DATA FOR PROCESSING
>>>

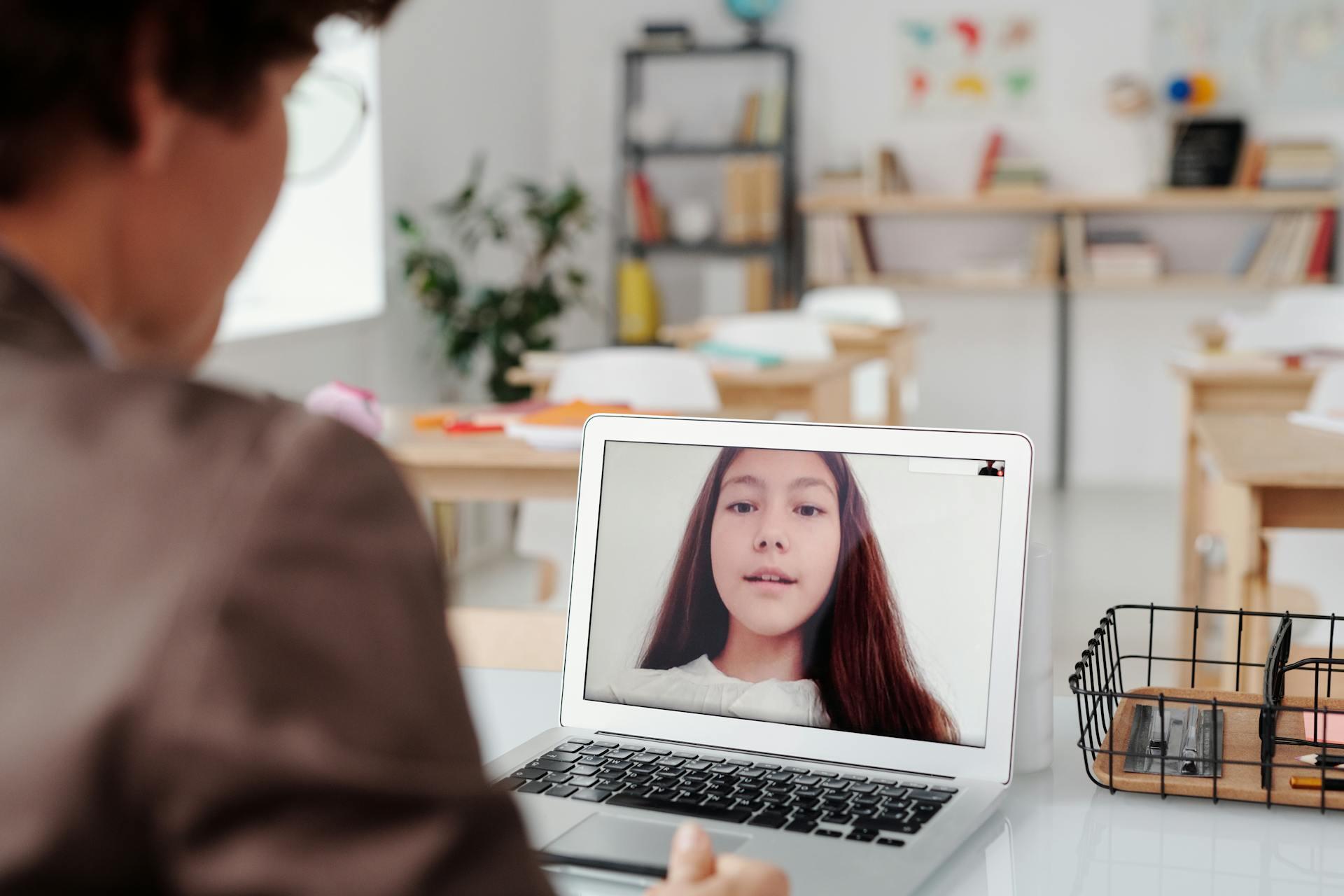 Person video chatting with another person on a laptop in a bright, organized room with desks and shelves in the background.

<<<
>>>

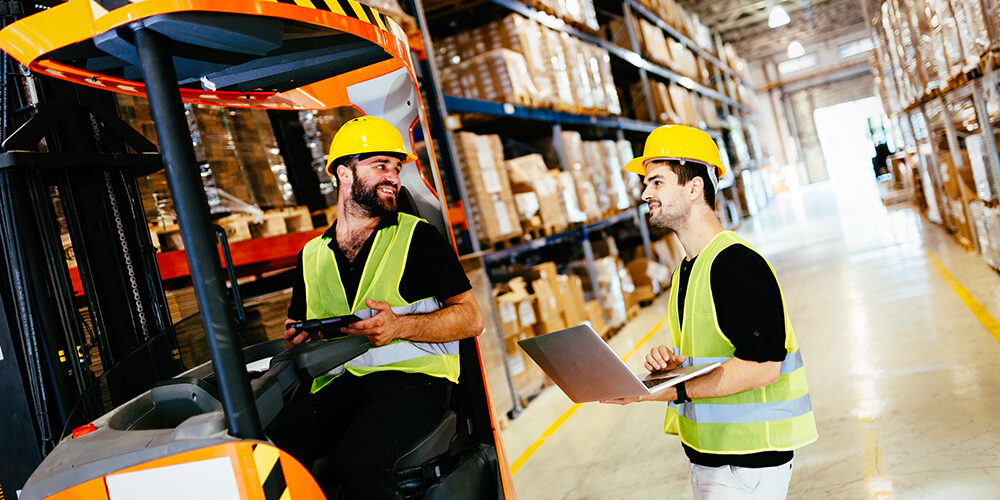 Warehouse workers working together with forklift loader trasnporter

<<<
>>>

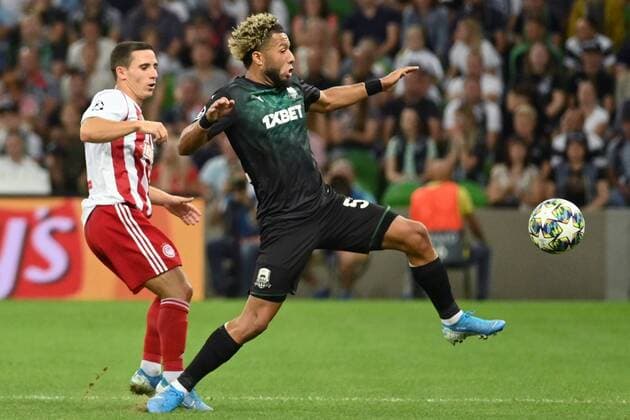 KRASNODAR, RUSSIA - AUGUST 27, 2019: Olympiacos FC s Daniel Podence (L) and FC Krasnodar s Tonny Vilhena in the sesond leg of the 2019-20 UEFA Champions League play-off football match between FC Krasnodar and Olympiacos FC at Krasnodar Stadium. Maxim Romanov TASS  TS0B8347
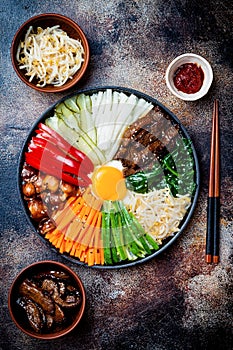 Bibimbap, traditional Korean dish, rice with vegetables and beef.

<<<

EXERCISE OBJECTIVE
Using the records above, print exactly the lines between the ones containing "KRASNODAR, RUSSIA - AUGUST" and "Bibimbap, traditional Korean", inclusive, and nothing else; no pictures.

RESPONSE BELOW
 KRASNODAR, RUSSIA - AUGUST 27, 2019: Olympiacos FC s Daniel Podence (L) and FC Krasnodar s Tonny Vilhena in the sesond leg of the 2019-20 UEFA Champions League play-off football match between FC Krasnodar and Olympiacos FC at Krasnodar Stadium. Maxim Romanov TASS  TS0B8347
 Bibimbap, traditional Korean dish, rice with vegetables and beef.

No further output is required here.